Take the line that contains "NFL Week 8 Khalil" and each line after it to the end of the data below, and set them down exactly, omitting pictures.

Crawled caption data:
☆ ☆ ☆ ☆ ☆

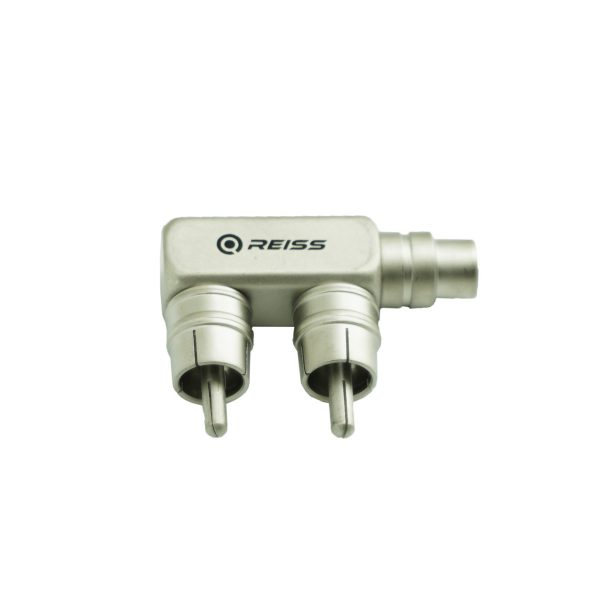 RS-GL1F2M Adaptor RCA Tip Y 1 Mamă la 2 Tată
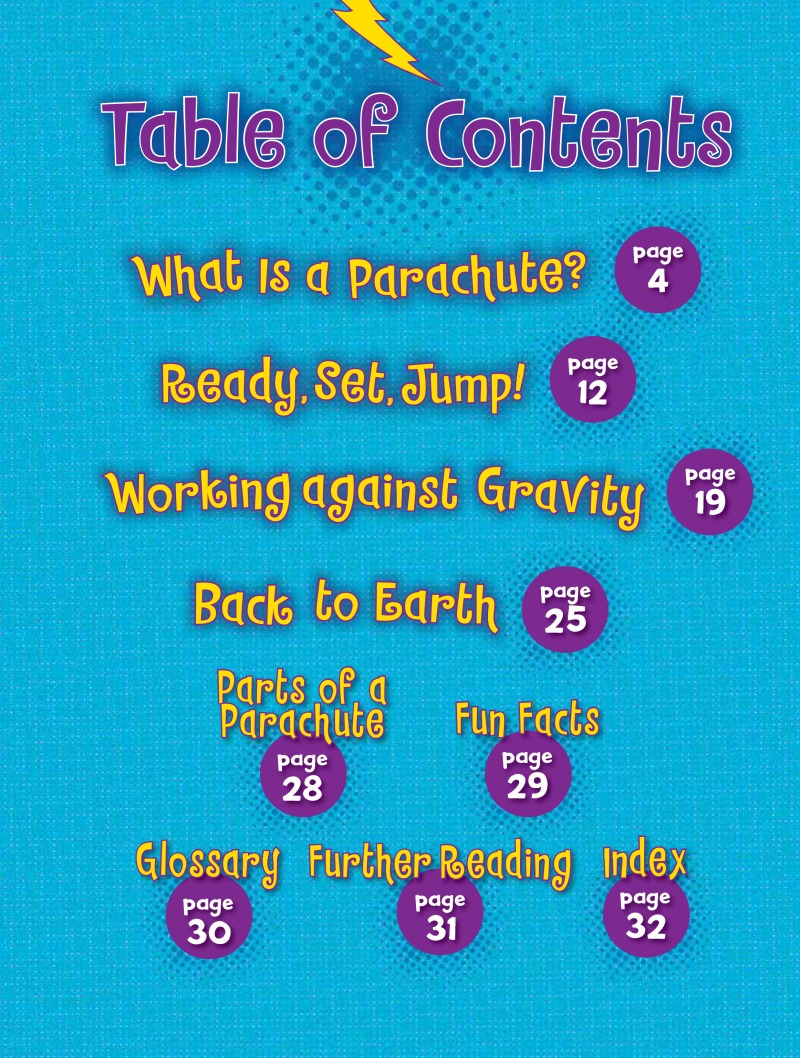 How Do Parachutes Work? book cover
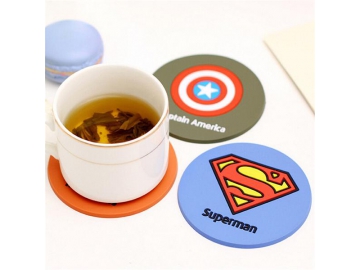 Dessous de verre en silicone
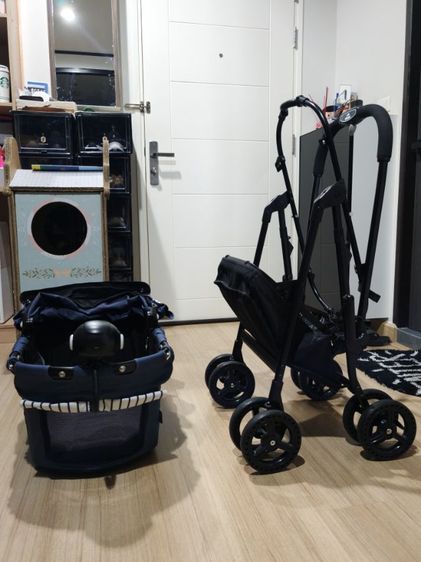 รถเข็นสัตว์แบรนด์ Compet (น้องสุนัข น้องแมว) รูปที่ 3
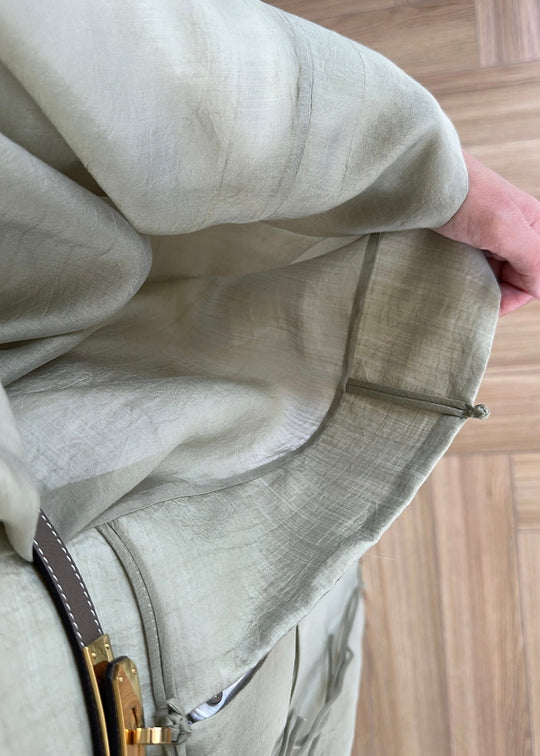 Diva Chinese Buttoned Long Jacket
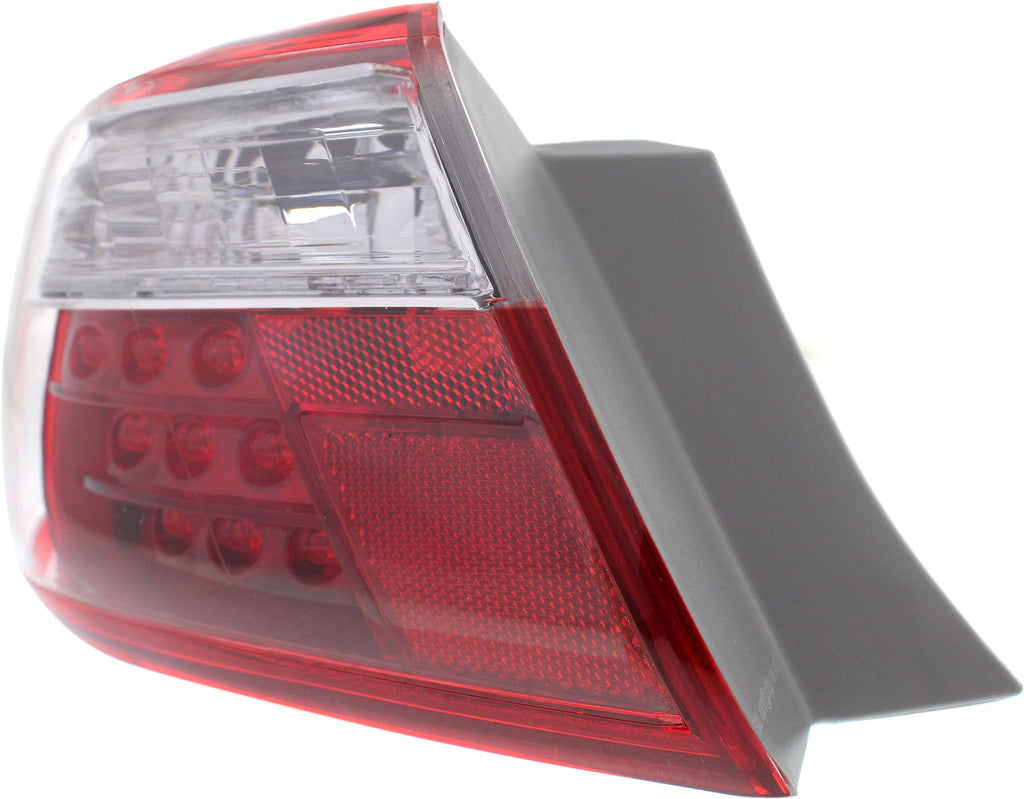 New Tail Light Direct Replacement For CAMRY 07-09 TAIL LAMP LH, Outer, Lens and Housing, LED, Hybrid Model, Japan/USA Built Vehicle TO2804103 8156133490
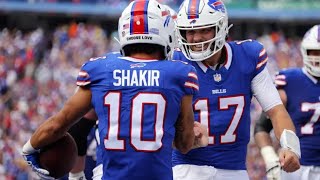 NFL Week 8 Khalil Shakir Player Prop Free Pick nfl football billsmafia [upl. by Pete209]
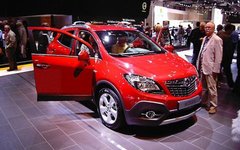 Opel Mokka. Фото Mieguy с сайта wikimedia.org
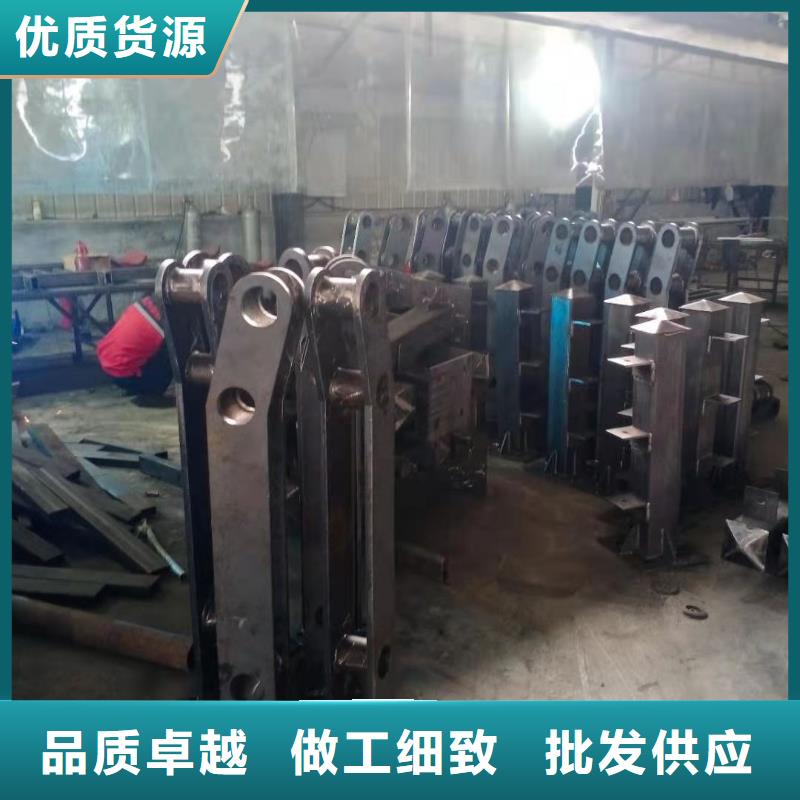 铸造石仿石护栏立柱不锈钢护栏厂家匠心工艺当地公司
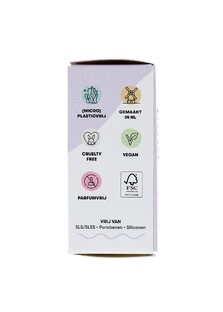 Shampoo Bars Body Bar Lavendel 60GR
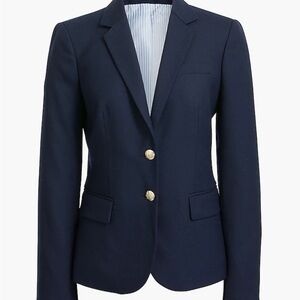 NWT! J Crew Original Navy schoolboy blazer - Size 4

☆ ☆ ☆ ☆ ☆

▸ RESPONSE:
 NFL Week 8 Khalil Shakir Player Prop Free Pick nfl football billsmafia [upl. by Pete209]
 Opel Mokka. Фото Mieguy с сайта wikimedia.org
 铸造石仿石护栏立柱不锈钢护栏厂家匠心工艺当地公司
 Shampoo Bars Body Bar Lavendel 60GR
 NWT! J Crew Original Navy schoolboy blazer - Size 4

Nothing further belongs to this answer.